Aegis Shielding? yeah, totally agree.

Assualt? Kinda, it is just a basic attack.

Morgan_Scott82
2008-09-10, 02:36 PM
Aegis Shielding? yeah, totally agree.

Assualt? Kinda, it is just a basic attack.

The real trouble with Swordmage Aegis is that it only triggers when at attack hits an ally, whereas the extra effects from Combat Challenge and Divine Challenge rely only on the fact that an attack was made regardless of whether or not the attack hits. But this is above and beyond my other concerns.

Erk
2008-09-10, 03:47 PM
Also, I may be wrong on this, but I believe two defenders' marks stack, giving the monster a guaranteed -2 on his attack no matter who it attacks. poor beast.

ninja_penguin
2008-09-10, 03:53 PM
I'm almost 100% sure that marks override each other, in order to prevent a dual fighter/paladin obliteration of a target.

Douglas
2008-09-10, 04:00 PM
Yeah, any new mark on an enemy removes any previous mark on that enemy.

Erk
2008-09-10, 04:01 PM
Aww. That's unfortunate. Makes having multiple defenders less useful against a Solo.

its_all_ogre
2008-09-10, 04:57 PM
defenders rock!
fighter is pure better compared to paladin if you have no need of additional healing, imo the opportunity attacks halting enemies escaping is that good.

Decoy Lockbox
2008-09-10, 05:09 PM
I'm currently playing a lvl 9 fighter/warlord. One thing I've learned about marking and "tanking" in 4e -- just because you have more AC and hp than the rest of the party, doesn't mean you should be taking all the hits for them. Last session (we were lvl 8 at the time) we fought 5 homebrewed demon-possessed wolves (4 brutes and a soldier leader). In the first round, I used "come and get it" (or as I call it, "fighter magnetism") to draw all five enemies into melee range, then used an action point to use "sweeping blow" with a +20 attack bonus, hitting all five opponents for further damage. I probably racked up about 25 damage per opponent, and marked all of them.

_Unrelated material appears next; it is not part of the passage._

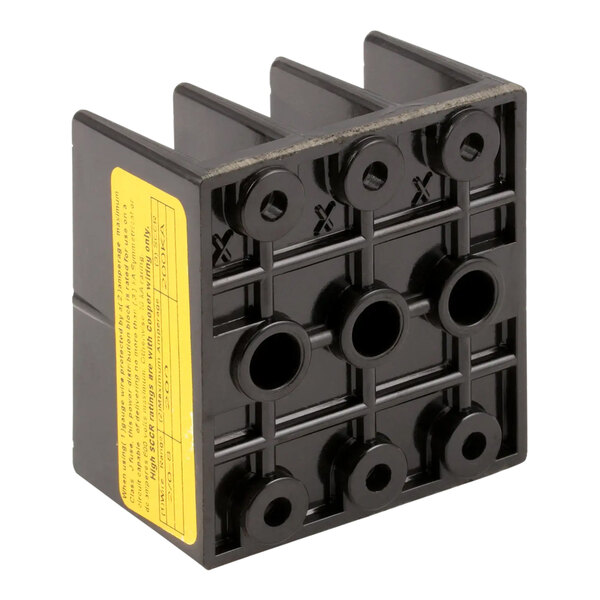 A black plastic block with three holes.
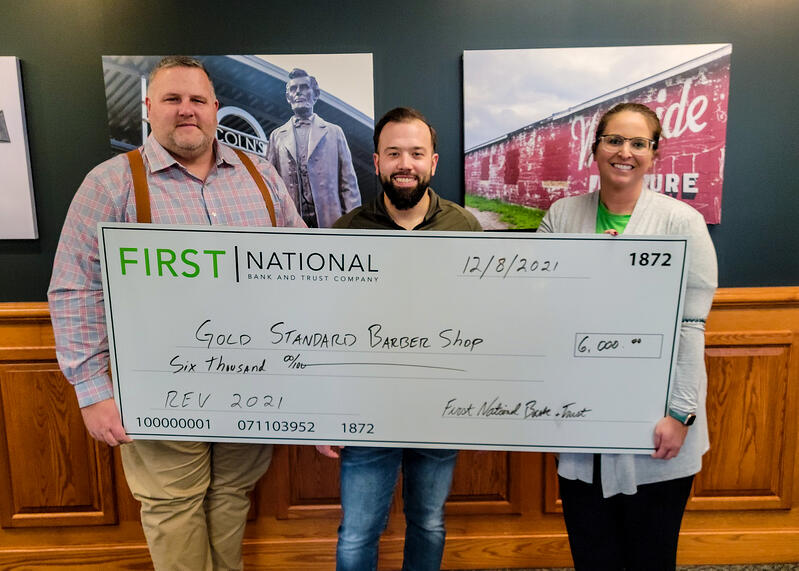 gold standard barber shop receiving REV check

On the wolves' turn, they basically dogpiled on me. And that is how my 76 hp fighter took 180 points of damage in a single fight :smallbiggrin:

So the lesson here is that marking can be a potent tool, but only when used sparingly and with caution. I agree with most of the above posters that whether or not the marked monster attacks you, its a win-win for you (most of the time at least).

Yakk
2008-09-10, 05:14 PM
Aww. That's unfortunate. Makes having multiple defenders less useful against a Solo.
Well, that depends. Is the Marking enough to convince the Solo to attack the marked target?

If so, then you now have the ability to force the Solo to spread damage around over two decent-defense targets.

If not, then you only have the first Defender out-damaging the Striker with the punishment for attacking anyone but the Defender.

You can even pull off initiative tricks, like:
PALADIN
PARTY MEMBER A
FIGHTER
In this case, the Paladin can mark the monster, then party member A can freely provoke an OA knowing that a response will deal extra damage from the paladin.

Then the Fighter marks the monster, and when the monster twacks whomever the monster twacks, more damage is done...

Edge of Dreams
2008-09-10, 06:24 PM
There are a few different situations involving marks/challenges/whatever. I am going to assume that the defender has somewhat better defenses/hp/surges than the rest of the party. I am then going to posit that a monster attacking the defender (as opposed to attacking anyone else in the party) is almost always preferred because the defender can take the hit better, and because focusing the damage on one member of the party makes healing easier. All of the below options also assume that the creature has a choice of who to attack (i.e. is within range of movement/attack and can see another party member).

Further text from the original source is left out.